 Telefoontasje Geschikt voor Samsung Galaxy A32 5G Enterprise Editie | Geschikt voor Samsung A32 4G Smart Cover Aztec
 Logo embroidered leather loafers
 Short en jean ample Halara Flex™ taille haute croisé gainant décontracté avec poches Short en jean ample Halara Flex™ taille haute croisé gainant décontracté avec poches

---

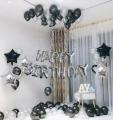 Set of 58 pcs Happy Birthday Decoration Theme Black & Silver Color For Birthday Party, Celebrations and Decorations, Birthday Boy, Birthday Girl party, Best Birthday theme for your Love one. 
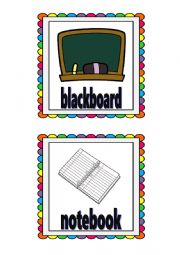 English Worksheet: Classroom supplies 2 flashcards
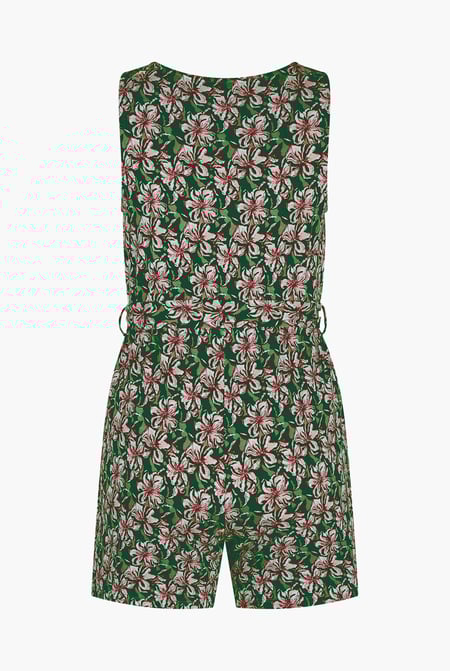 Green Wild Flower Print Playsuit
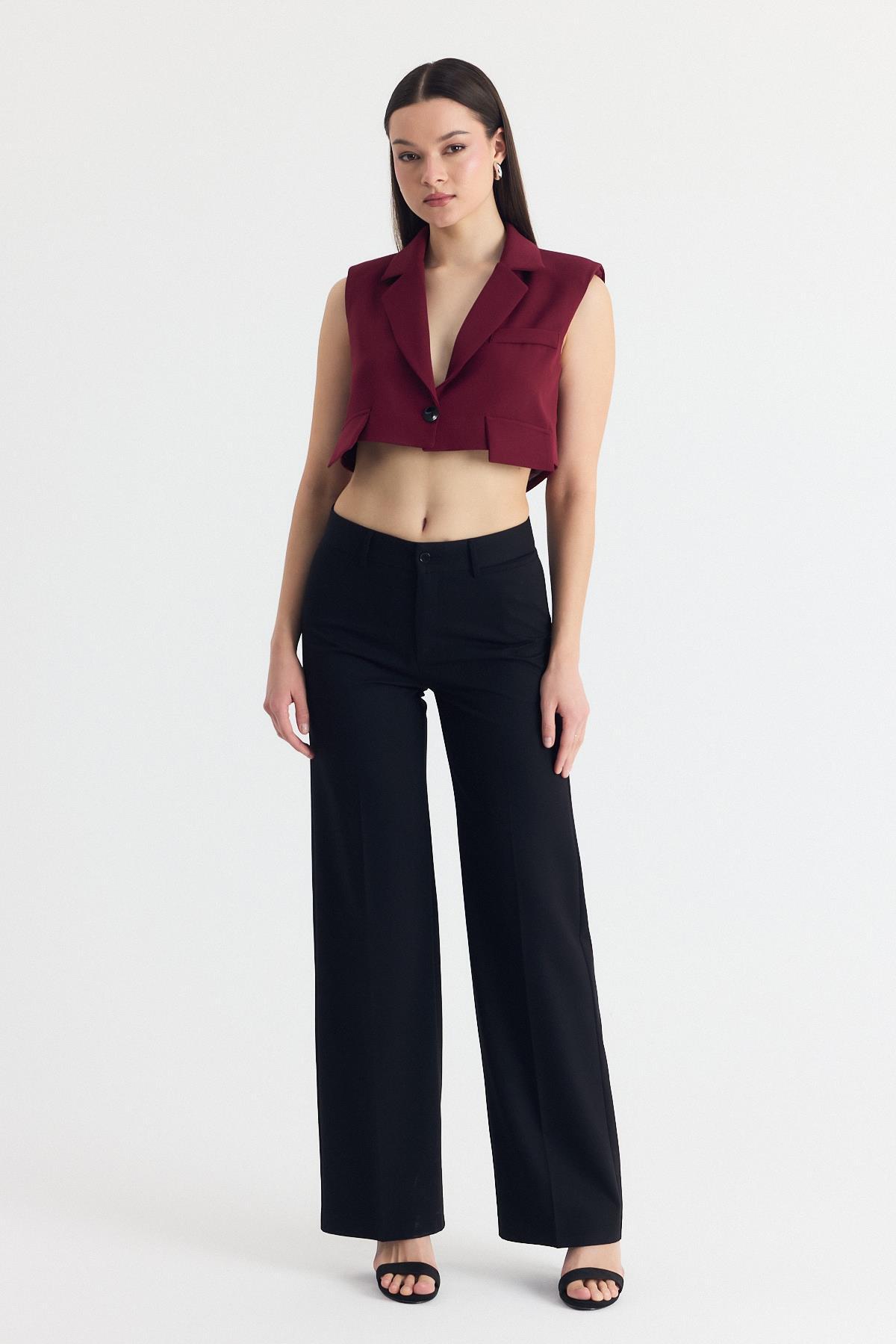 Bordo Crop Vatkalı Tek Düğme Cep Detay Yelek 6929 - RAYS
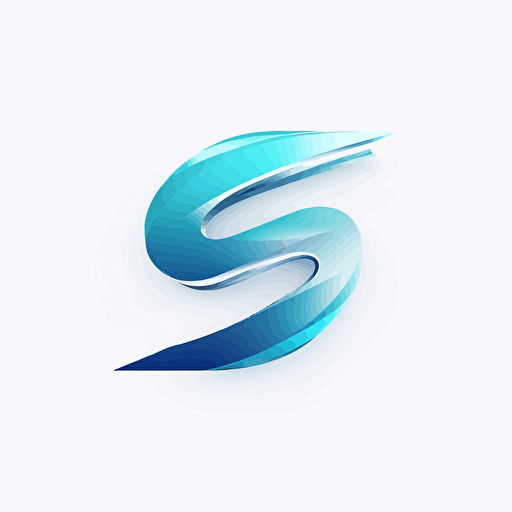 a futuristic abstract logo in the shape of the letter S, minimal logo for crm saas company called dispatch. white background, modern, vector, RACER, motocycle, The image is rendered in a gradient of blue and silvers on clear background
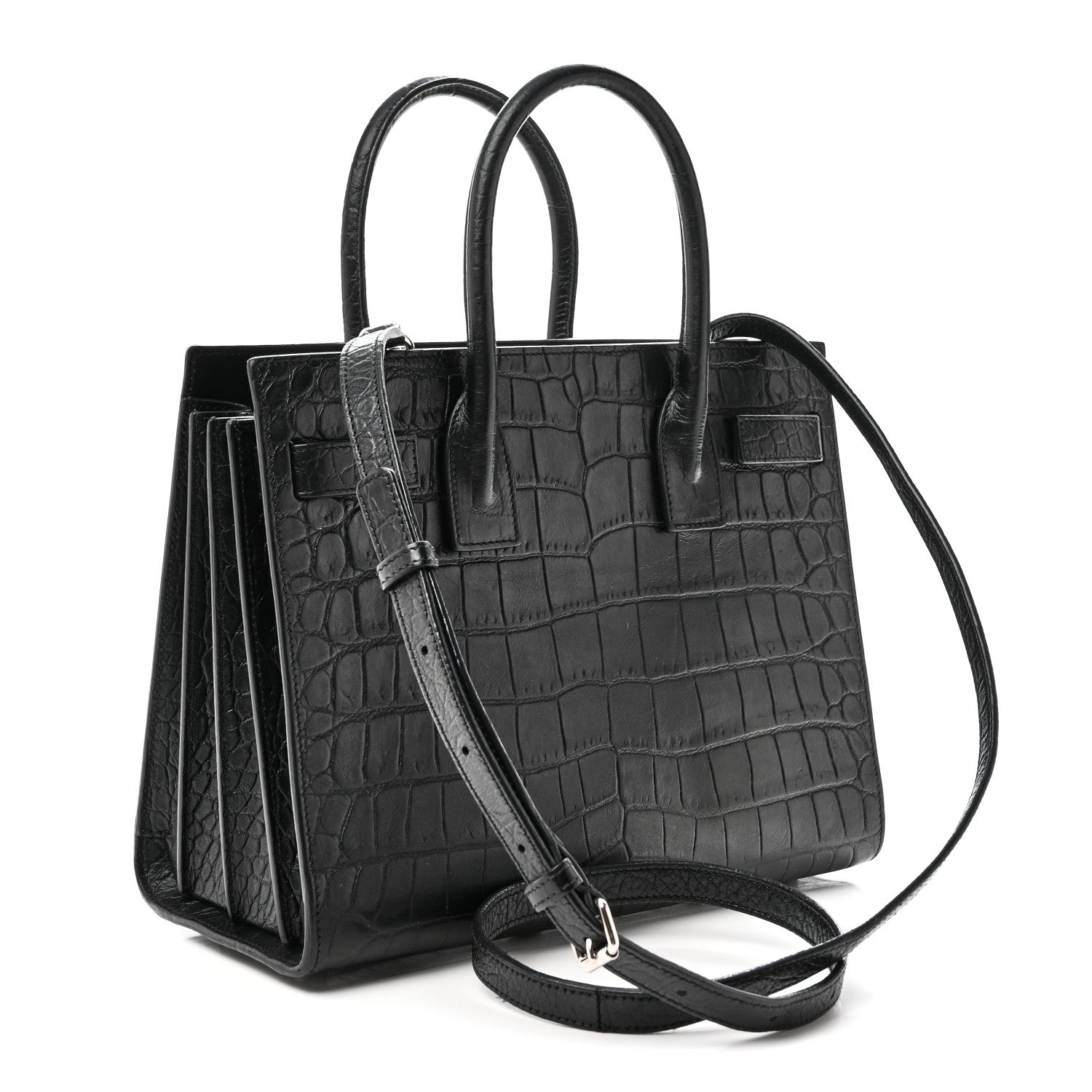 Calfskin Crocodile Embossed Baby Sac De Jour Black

What the task requires - Using the data above, retype exactly the lines from the line with "Bordo Crop Vatkalı" to the line with "Calfskin Crocodile Embossed", inclusive. No pictures and nothing else.

Result for this exercise -
 Bordo Crop Vatkalı Tek Düğme Cep Detay Yelek 6929 - RAYS
 a futuristic abstract logo in the shape of the letter S, minimal logo for crm saas company called dispatch. white background, modern, vector, RACER, motocycle, The image is rendered in a gradient of blue and silvers on clear background
 Calfskin Crocodile Embossed Baby Sac De Jour Black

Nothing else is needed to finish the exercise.